Lengthy plane flights aren't much fun, but living half a world away from my family and many of my friends, I've learned to endure them. One of the best ways to make the time fly (so to speak) is to lose oneself in an engrossing book. For a trip like this, I tend to prefer one long novel rather than several shorter books. I'm not likely to get bored (I'll be too exhausted), and I don't have to use up valuable carry-on luggage space with multiple volumes. The book should be something with a lot of plot, something that doesn't demand too much intellectual effort but which has enough excitement to keep me awake. (I don’t like to read ebooks on a plane. I get a headache.)
In preparation for this particular voyage, I bought a copy of A Game of Thrones, the first book in George R. R. Martin's Song of Ice and Fire saga. I don't watch TV, so this is going to be mostly new to me. Everything I've heard about the book and the series sounds promising, though. Three dimensional characters, intriguing cultures, a touch of magic, and lots of action. (Sex too, I gather...) And the novel fits my external criteria; it's nearly 800 pages long, yet not too heavy.

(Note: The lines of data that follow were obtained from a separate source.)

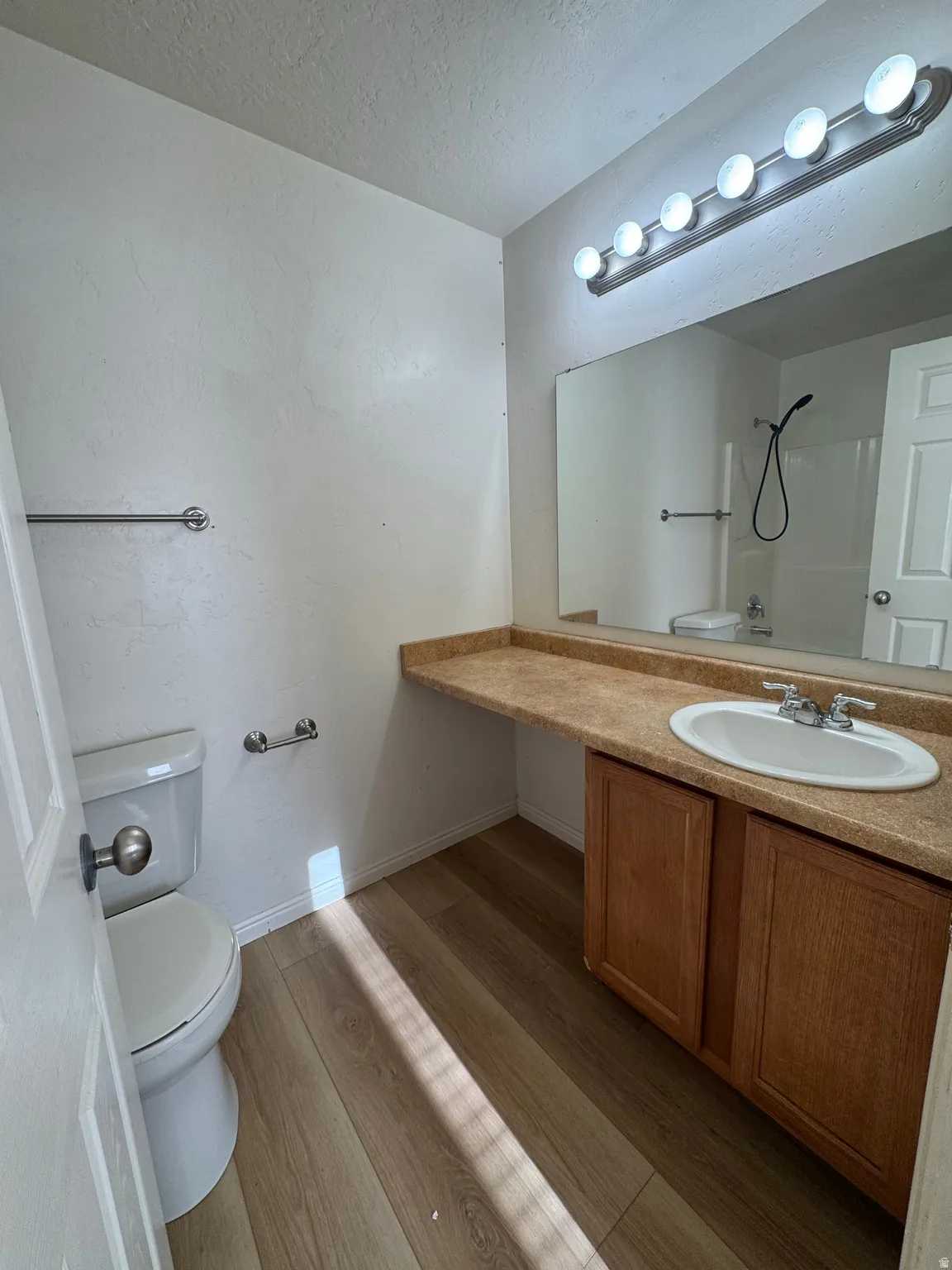 Bathroom with vanity, light wood-style floors, a textured ceiling, and shower / washtub combination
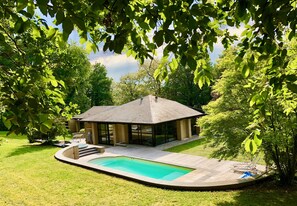 A modern house with a swimming pool, surrounded by lush greenery and a covered patio. - Villa des Templiers - 20 minutes from Brussels Airport - Sleeps 8 to 15 - (Wavre)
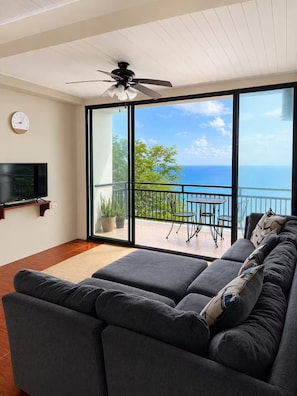 Ein modernes Wohnzimmer mit einer großen, grauen Couch, einem am Wand montierten Flachbildfernseher und einem Balkon mit Meerblick.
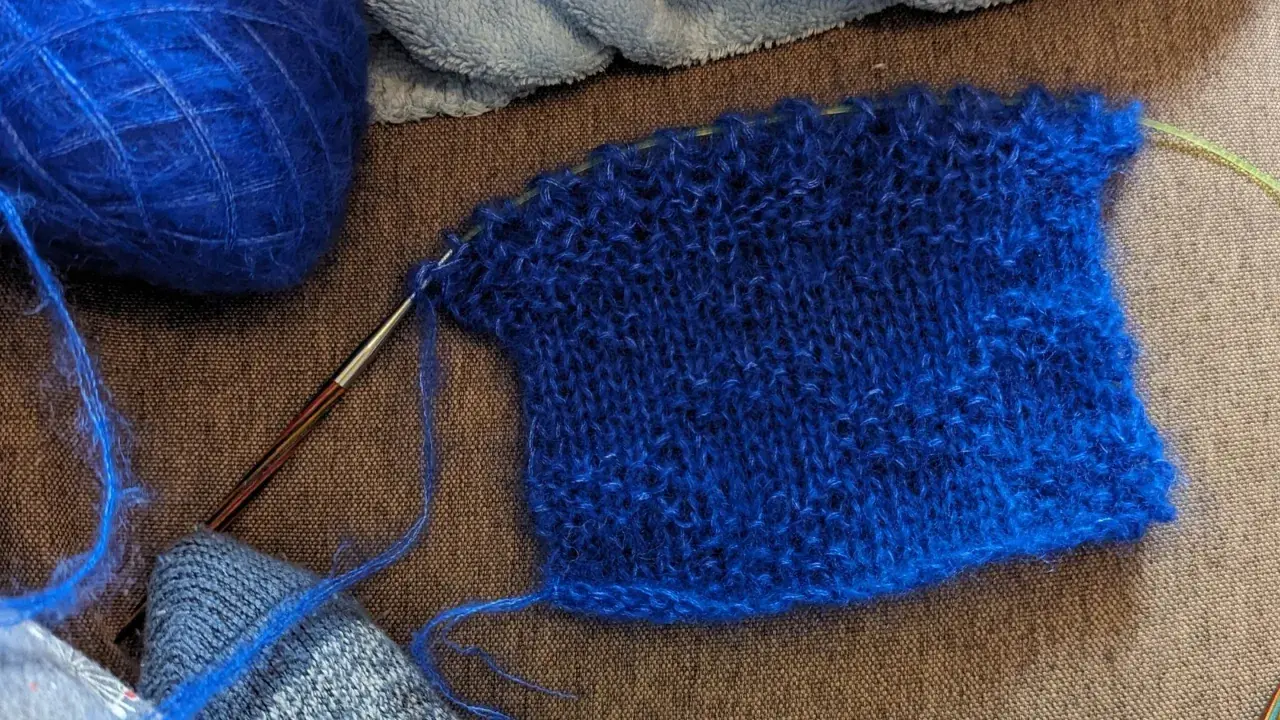 Un échantillon de tricot bleu vif, avec une pelote de laine assortie et une aiguille. La jauge maille est bien visible sur le tissu.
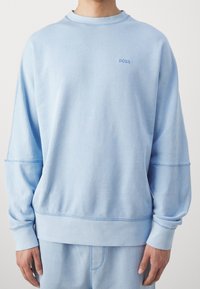 Man med ljusblå sweatshirt och matchande byxor, med "BOSS"-logotyp broderad på övre bröstet.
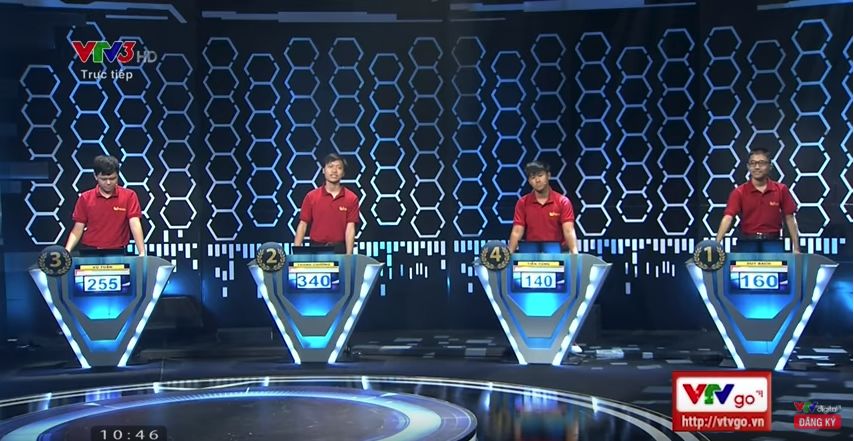 Four contestants in red shirts stand in front of podiums on a TV game show set
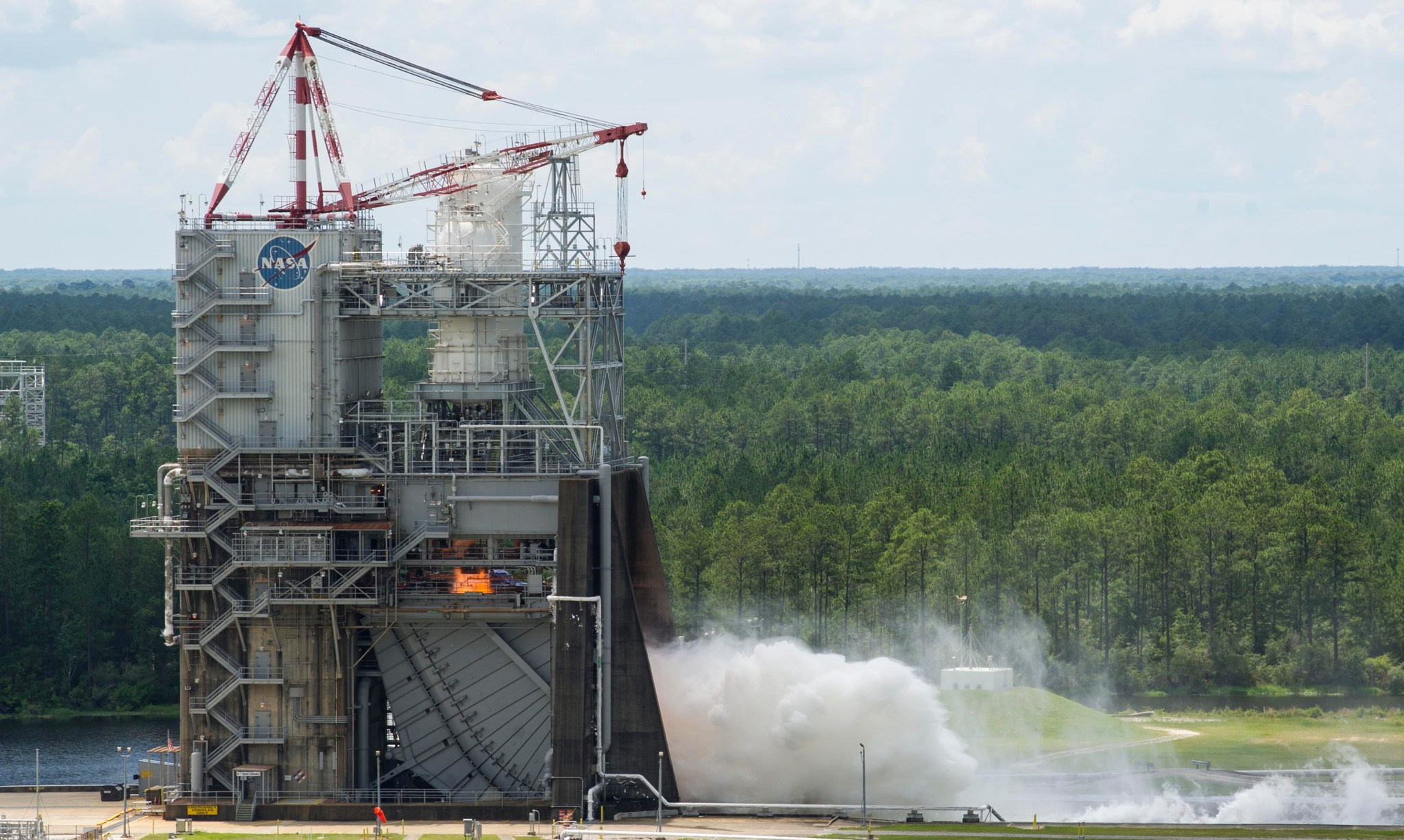 The RS-25 engine fires up at the beginning of a 500-second test June 11 at NASA's Stennis Space Center near Bay St. Louis, Miss.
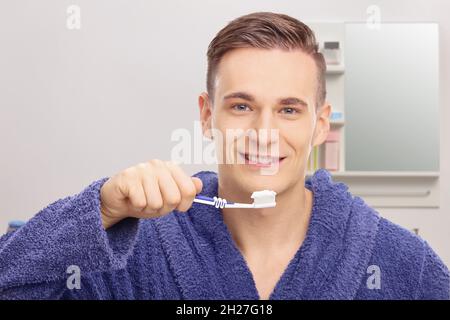 Jeune homme dans un peignoir se brossant les dents devant un miroir dans une salle de bains Banque D'Images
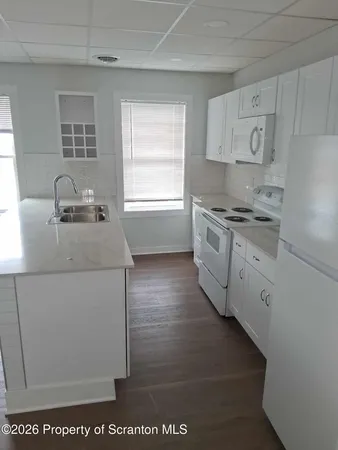 a kitchen with granite countertop white cabinets and white appliances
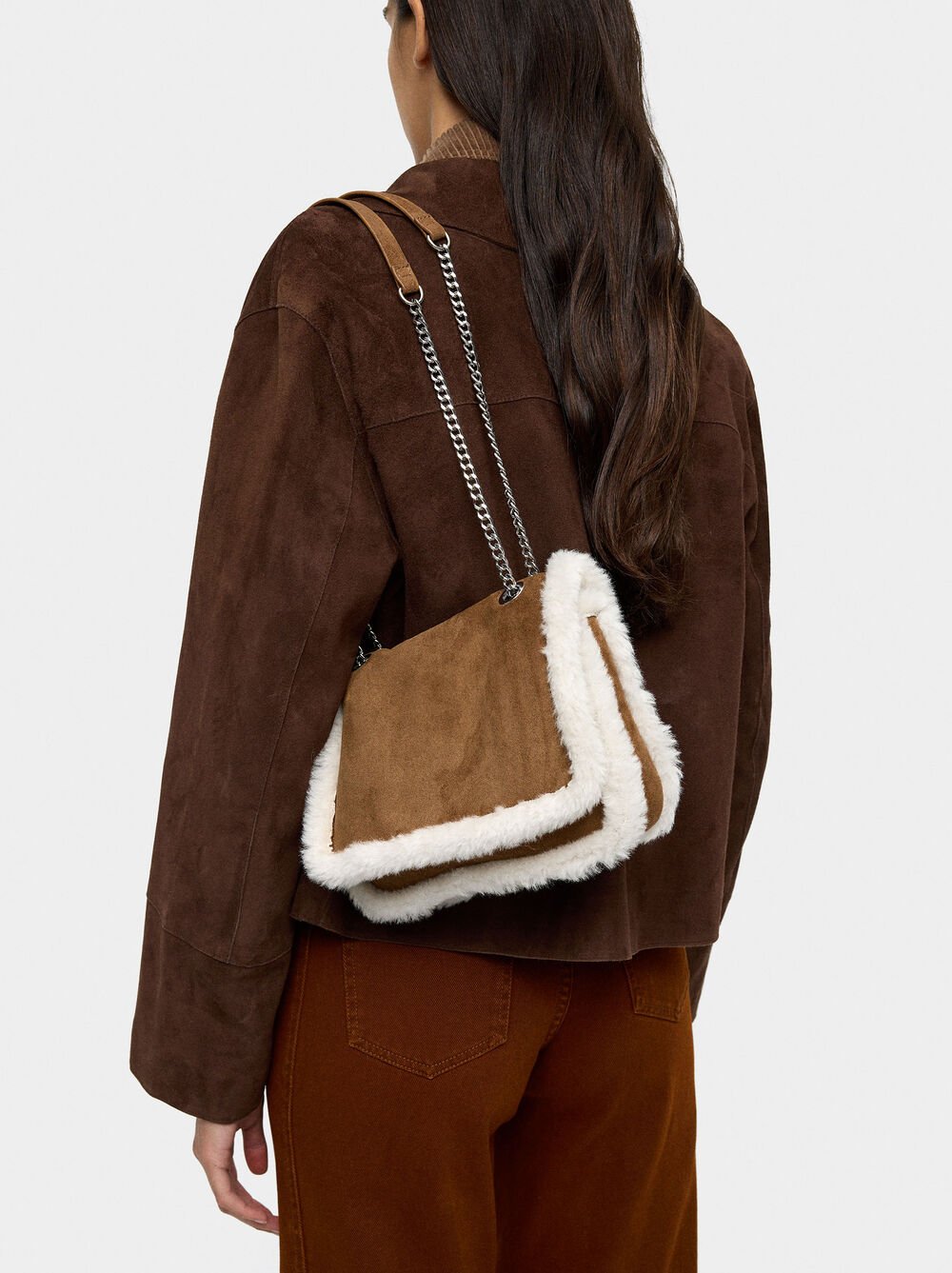 Shoulder bag with fur effect edges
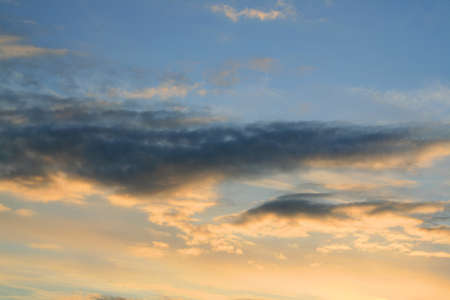 Golden clouds in the rays of the setting sun.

Fantasy—if it's well-written and original—has always been one of my favorite genres. In high school, I was totally enthralled by Tolkein's Middle Earth. I knew it inside and out. I even did my senior English thesis on that fictional world.
I note that the book I discussed during our last "what are you reading" cycle (Winter's Tale) could also be categorized as a fantasy, as would the other book I mentioned in that post, John Crowley's Little Big. And I recall that on one of my most enjoyable (well, least aversive, at least!) plane trips in recent years, I read Tigana by Guy Gavriel Kay, another fat (650+ pages), juicy fantasy full of creative ideas.
I'm hopeful that The Game of Thrones will be equally good. It's actually quite rare for me to explicitly purchase a brand new paperback book. In fact, I tried to find a copy in several used bookshops, without success, though I did find some of the later volumes in the series. It occurred to me that this scarcity might indicate that readers wanted to hold on to their volumes, perhaps to read again. A good omen?
Wish me luck! I won't be back until the third week in April. I'll catch up on comments then.
Oh, and for the trip home, I have Elizabeth Kostova’s The Historian. A nice, meaty 900 pages!